It was a tumultuous year. In July, the French and Continental furniture division was shut down, and in December Ms. MacBain departed. A month later, LVMH completed its financial pullout, with Mr. de Pury and Ms. Luxembourg purchasing the remaining 27.5 percent of the shares. There were layoffs—mostly of administrative staff—and the company left its posh 57th Street building for a warehouse-like space on 15th Street in Chelsea. In early 2004, Ms. Luxembourg left to start her own firm as a private dealer. She sold her stake in Phillips to Mr. de Pury, and the company’s name changed once again, to Phillips de Pury & Co.

Under Mr. de Pury’s leadership, the house, holding sales in photography, design and contemporary art, has turned its focus in large part to young artists—and young collectors. To tempt newbie buyers, he introduced the Saturday@Phillips sales, with lots that started at a mere $500 and were capped off at $20,000. In October 2006, the height of the market boom, during the annual Frieze Art Fair in London, Phillips opened a 40,000-square-foot space there. Without the high overhead and bureaucracies of the big two, Sotheby’s and Christie’s, Phillips has been able to be a bit more nimble. At Mr. de Pury’s direction, the company began representing the estates of deceased photographers Guy Bourdin and Helmut Newton, as well as a living one, Annie Leibovitz.

But in fall 2008, with the onset of the global financial meltdown, Phillips, like the other auction houses, stopped offering guarantees—financial agreements with consignors that essentially ensure that an artwork will sell—and grim results followed, along with speculation that the company’s days were numbered. Mr. de Pury, however, always seemed able to pull something out of his hat to help keep the company afloat. Along the way, he made some unconventional arrangements, such as one with London’s Saatchi Gallery whereby Phillips sponsored the gallery in becoming admission-free and proprietor Charles Saatchi apparently informally agreed to consign artworks he wanted to sell to Phillips.

When the financial crisis hit, Phillips was still, as The Art Newspaper put it at the time, “a private company majority owned by Simon de Pury and ten partners.” In November 2008, the company announced that a majority stake had been sold to the Russian luxury goods company Mercury Group; Portfolio magazine reported that some $60 million was rumored to have changed hands.
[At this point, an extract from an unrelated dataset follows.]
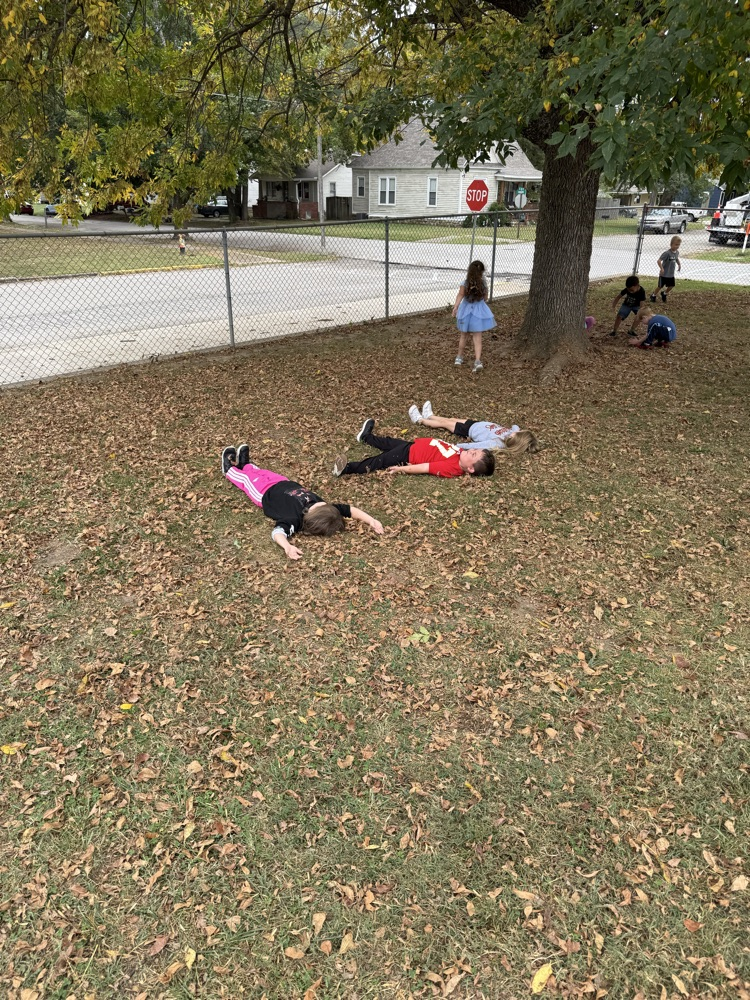 Fall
Shortly after acquiring its shares, Mercury brought in Bernd Runge, formerly of Condé Nast, and at one time a spy for the East German Stasi secret police, as CEO. (Mr. Runge stepped down to an advisory position when Mr. McGinnis was promoted to CEO in October 2012.) Those guarantees returned. In November 2010, Phillips opened new headquarters at 450 Park Avenue with an eyebrow-raising contemporary art auction called “Carte Blanche,” with lots handpicked by art adviser and former Christie’s department head Philippe Ségalot.

AN ENERGETIC MAN in his early 60s, it seems unlikely that Mr. de Pury will leave the art world; he has spent his life in it. A 2011 profile in W magazine describes how, as a young man, the Basel, Switzerland-born Mr. de Pury wanted to be an artist, but couldn’t get a foothold with the big New York galleries like Castelli. He began his career in the art market at Sotheby’s, then became curator for the powerful collector Baron Heinrich Thyssen-Bornemisza. He returned to Sotheby’s in 1986, and worked his way up to become European chairman.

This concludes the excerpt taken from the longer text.